Menos emissões e economia de água
Nancy Love, professora de engenharia civil e ambiental na Universidade de Michigan, tem colaborado com a equipe do Rich Earth Institute (REI), uma organização sem fins lucrativos com sede em Vermont, ao longo da última década. Suas pesquisas mostram que o uso de urina como fertilizante, em vez de fertilizantes sintéticos convencionais, reduz as emissões de gases de efeito estufa e exige cerca da metade da quantidade de água.

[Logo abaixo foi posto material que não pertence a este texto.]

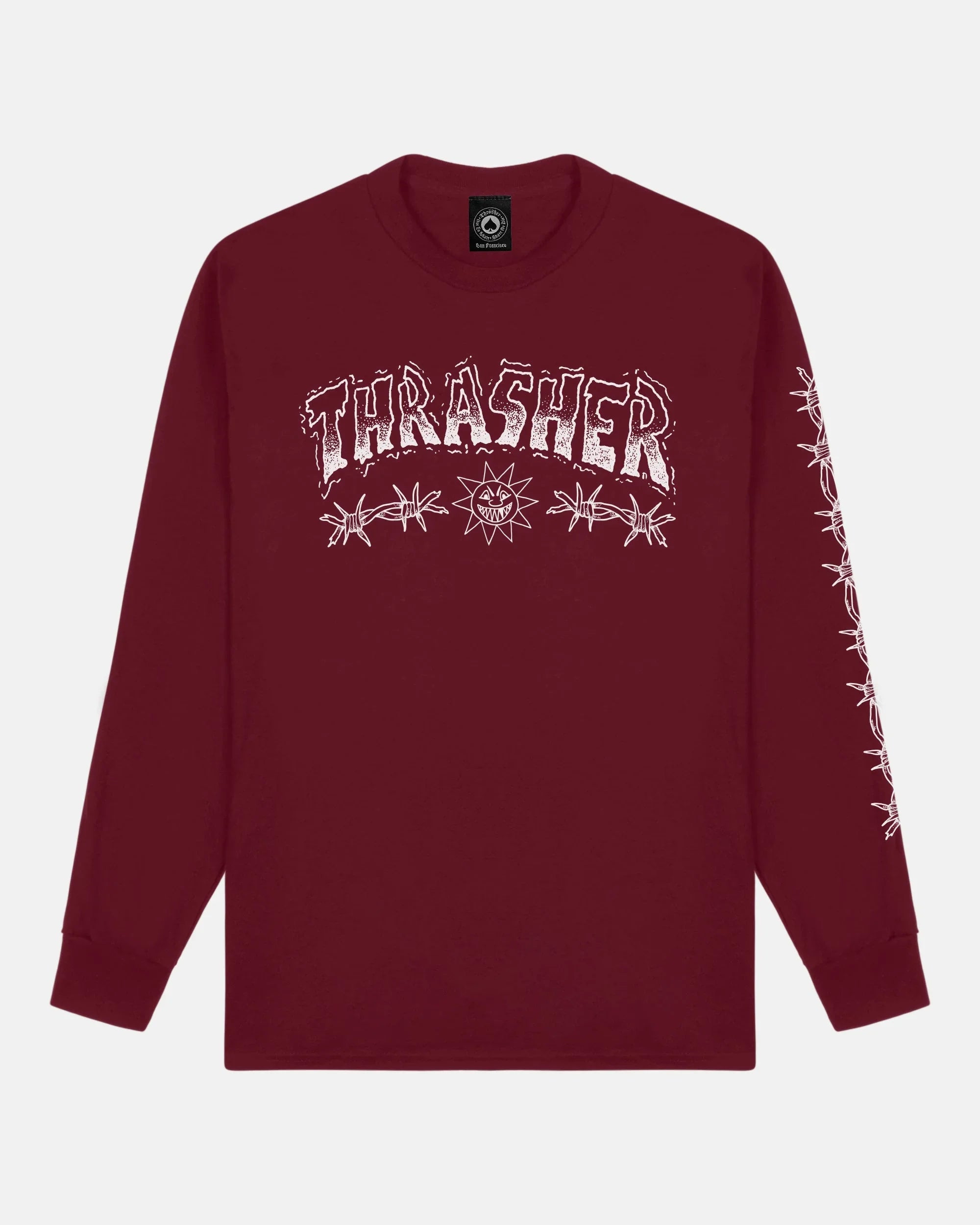 BARBED WIRE - LONGSLEEVE - MAROON - Four Street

Desde 2012, o programa Urine Nutrient Reclamation Project (UNRP), administrado pelo REI, estima ter economizado mais de 2,7 milhões de galões (10,2 milhões de litros) de água ao evitar descargas desnecessárias em vasos sanitários.

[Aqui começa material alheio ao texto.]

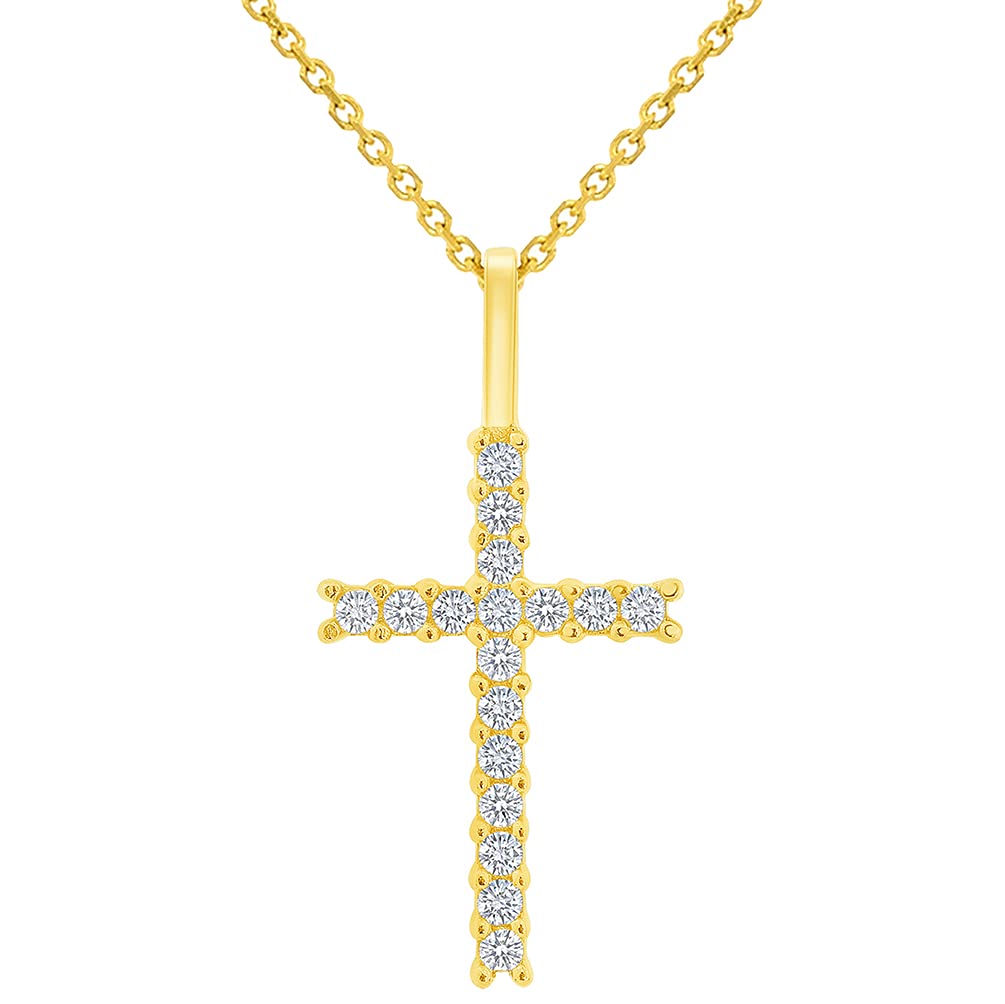 Solid 14k Yellow Gold Cubic-Zirconia Petite Religious Cross Charm Pendant with Rolo Cable, Cuban Curb, or Figaro Chain Necklaces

“Eu sempre fui uma pensadora sistêmica, e nosso sistema de água tem muitas ineficiências”, diz Love à BBC. “O que fazemos hoje é diluir ao extremo nossa urina, enviá-la para uma estação de tratamento, gastar ainda mais energia para processá-la e, no fim, devolvê-la ao meio ambiente em uma forma reativa.”

Como é preparada a urina na agricultura?
As doações de urina do Condado de Windham, um dos 14 condados do estado de Vermont, são coletadas por um caminhão e transportadas para um tanque grande, onde passam por um processo de pasteurização, sendo aquecidas a 80°C (176°F) por 90 segundos. Em seguida, a urina é armazenada em um tanque pasteurizado, ficando pronta para ser pulverizada nas terras agrícolas locais no momento ideal para a fertilização das plantações.
Iniciativa global
O UNRP é pioneiro nesse processo de “peecycling” (“reciclagem de xixi”) nos EUA, mas iniciativas semelhantes já estão em andamento em outros países.
Em Paris, voluntários estão coletando urina para ajudar a salvar o Rio Sena e fertilizar trigo usado na produção de baguetes e biscoitos. Na Suécia, empreendedores identificaram os danos causados pela proliferação de algas ao redor da ilha de Gotland e desenvolveram um produto que coleta urina e a transforma em fertilizante.
Projetos-piloto de peecycling também já foram testados na África do Sul, Nepal e República do Níger.

Desafios do uso da urina na agricultura
Um dos maiores desafios do reaproveitamento de urina é a falta de distinção legal entre resíduos humanos separados na origem e os fluxos de esgoto combinados, que apresentam maiores riscos à segurança.
Além disso, há dificuldades logísticas, já que a urina é pesada e difícil de transportar, e os caminhões que a coletam geram emissões de carbono. No projeto em Vermont, a urina é transportada localmente, dentro de um raio de até 16 km (10 milhas), mas expandir a iniciativa exigiria transporte por distâncias maiores.
Para resolver esse problema, uma empresa derivada do REI desenvolveu um sistema de concentração por congelamento, capaz de reduzir o volume da urina em até seis vezes. Esse método já está sendo utilizado na Universidade de Michigan, tornando o processo mais eficiente e sustentável.